Macerata, 22 maggio 2010 - "Quando si lotta contro le organizzazioni criminali non sempre si possono usare i guanti bianchi. Bisogna pensare come penserebbe un mafioso, ragionare come un mafioso. E, in definitiva, essere un po’ 'canaglie', come sono loro".

 

L’ha detto ieri, ai ragazzi dell’istituto per geometri 'Bramante' di Macerata l’ispettore di Polizia Gianni Palagonia, uno 'sbirro antimafia' come lui stesso ama definirsi.
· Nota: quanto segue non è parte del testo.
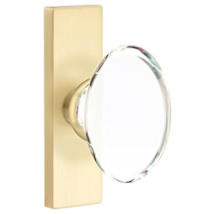 Satin Brass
Palagonia è il falso nome di un poliziotto vero, che oggi vive in una città del nord, costretto ad allontanarsi dalla sua terra, la Sicilia, per salvare la propria vita e quella dei suoi famigliari dalle minacce di Cosa Nostra.

 

Incalzato dalle domande del vicequestore Pier Nicola Silvis (presenti anche il questore Giuseppe Oddo, il sindaco Romano Carancini e altre autorità), Palagonia ha raccontato in videoconferenza, ma sempre ripreso di spalle per motivi di sicurezza, le difficoltà di chi da vent’anni "sta sulla strada con la paura di morire, costretto a conoscere le abitudini dei figli dei mafiosi meglio di quelle dei propri".

 

Ma Palagonia ha anche raccontato la passione incontenibile di chi, nonostante tutto, non rinuncerebbe mai a compiere fino in fondo la vocazione di un poliziotto, che è quella di "aiutare la gente", con dignità e umanità, svolgendo il proprio mestiere senza risparmiarsi, e usando tutti i mezzi possibili "compresa una buona dose di fantasia".

 

"La mafia più pericolosa è quella in giacca e cravatta" ha concluso; mentre "l’investigatore - scrive nel suo libro 'Il silenzio' - è un uomo solo, che sacrifica molto sul piano personale e all’improvviso si ritrova invecchiato, stanco, logorato, perché quel cancro subdolo che va sotto il nome di criminalità mafiosa è ancora lì davanti, spavaldo, forse scalfito, ma arrogantemente vivo".